Look through the entries below and copy exactly the part that begins with the line containing "New Portfolio portfolio" and ends with the line containing "Satwik-Chirag first Indian". Do not copy the pictures.

---- THE DATA

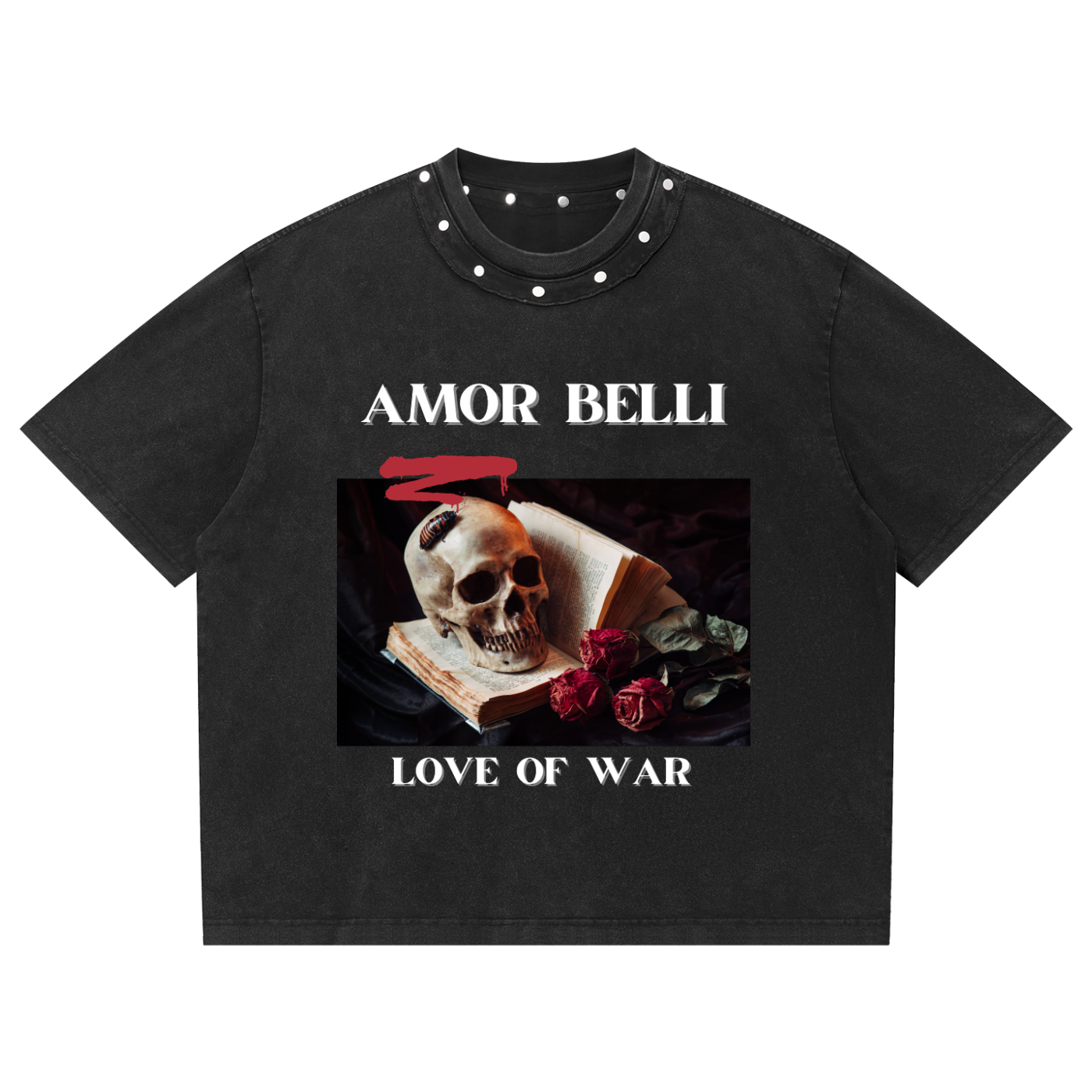 SILENT WAR Studded T-Shirt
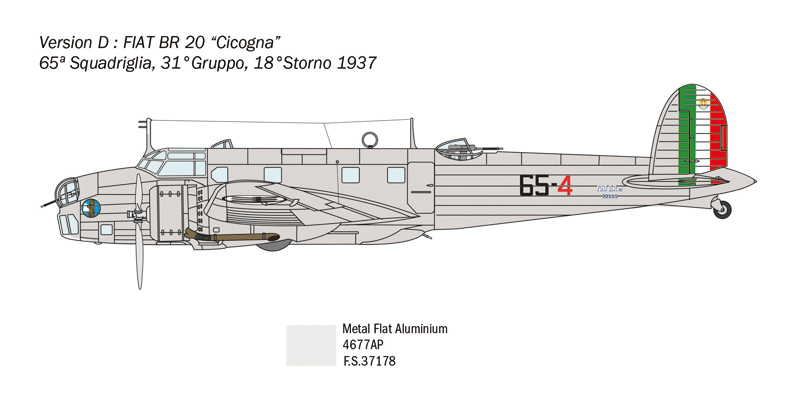 FIAT BR.20 'CICOGNA' 1/72 - 6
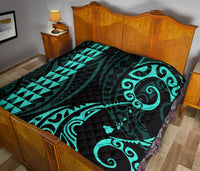 Hawaii Kakau Green Polynesian Premium Quilt - Polynesian Pride
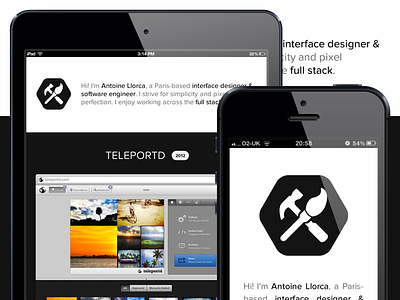 New Portfolio portfolio responsive retina svg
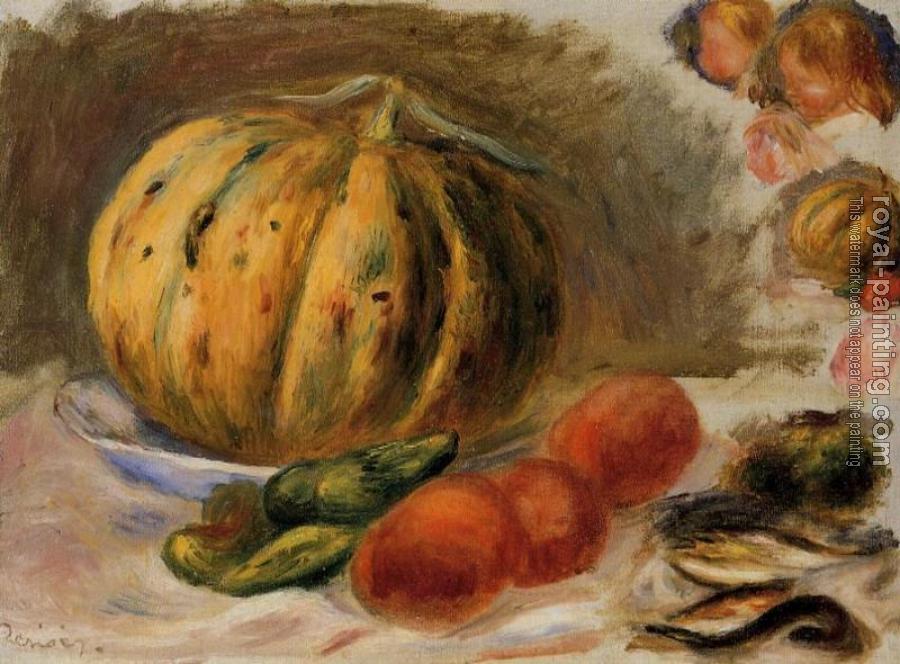 Pierre Auguste Renoir : Melon and Tomatos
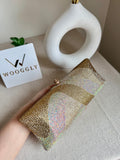 High Quality Élan Clutch - Multi Champagne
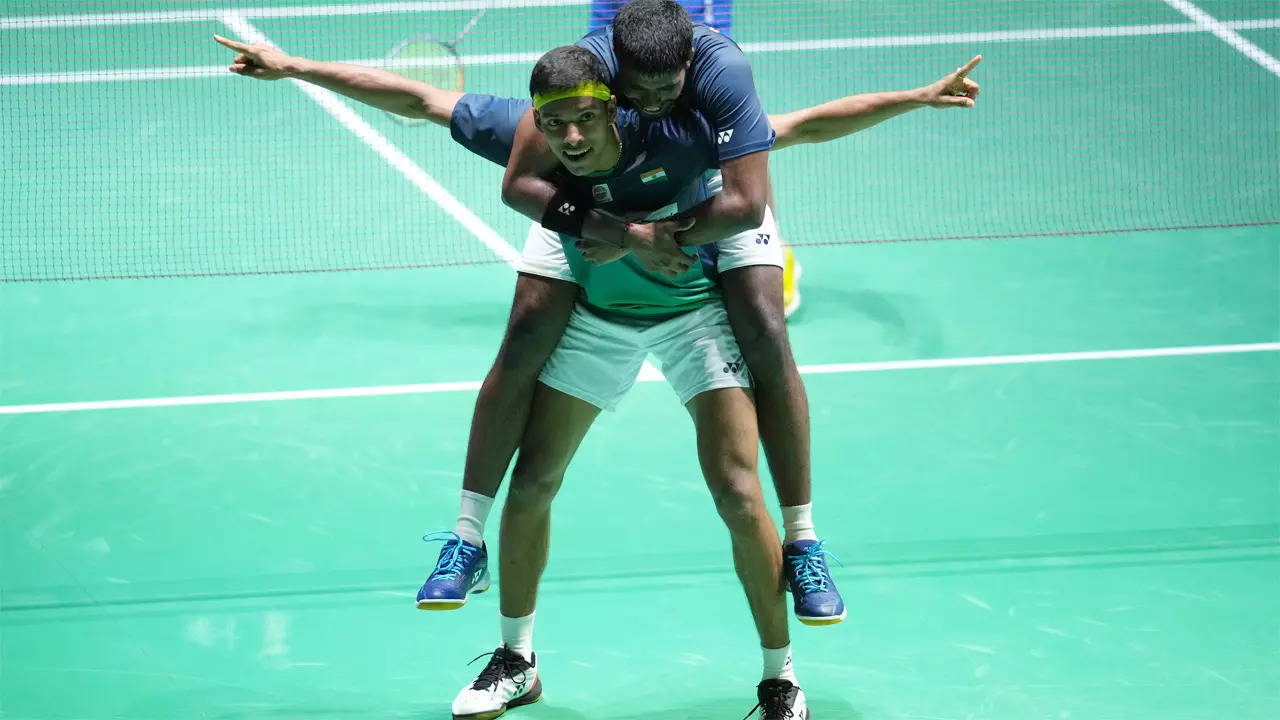 Satwik-Chirag first Indian men's doubles pair to reach BAC final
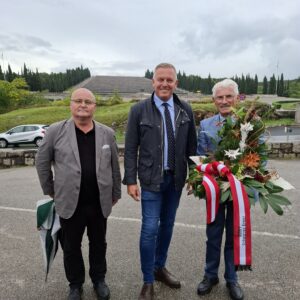 LGF Stmk Oberst i.R. Dieter Allesch und LGF NÖ Dr. Reinhard Wildlilng mit dem Landeshauptmann von Steiermark Mario Kunasek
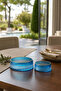 Cutting Crystal Decor Gold Detail 2-Piece Tableware Bowl - 3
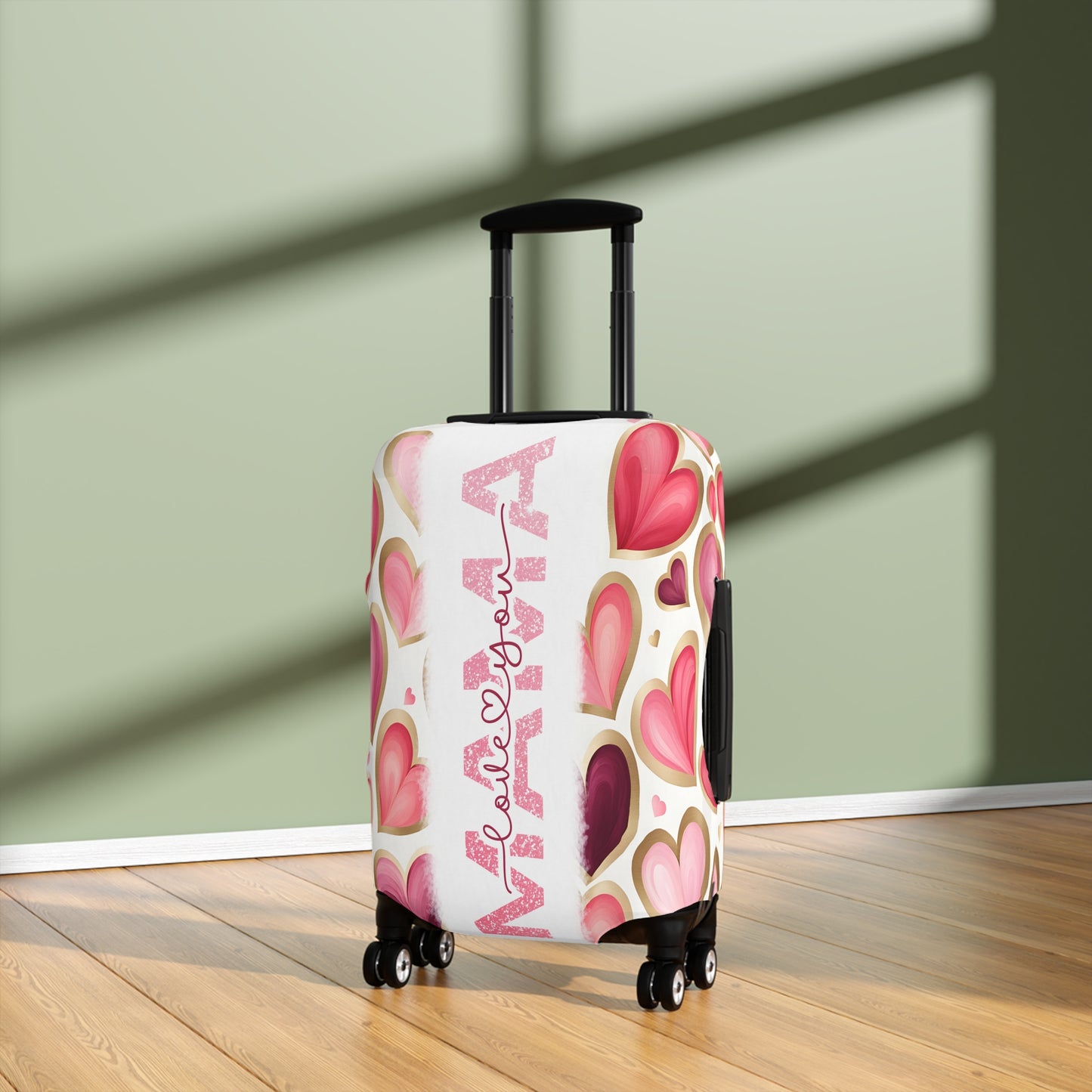 Luggage Cover, Hearts Mama, awd-1441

--------

§ EXERCISE OUTPUT:
 New Portfolio portfolio responsive retina svg
 Pierre Auguste Renoir : Melon and Tomatos
 High Quality Élan Clutch - Multi Champagne
 Satwik-Chirag first Indian men's doubles pair to reach BAC final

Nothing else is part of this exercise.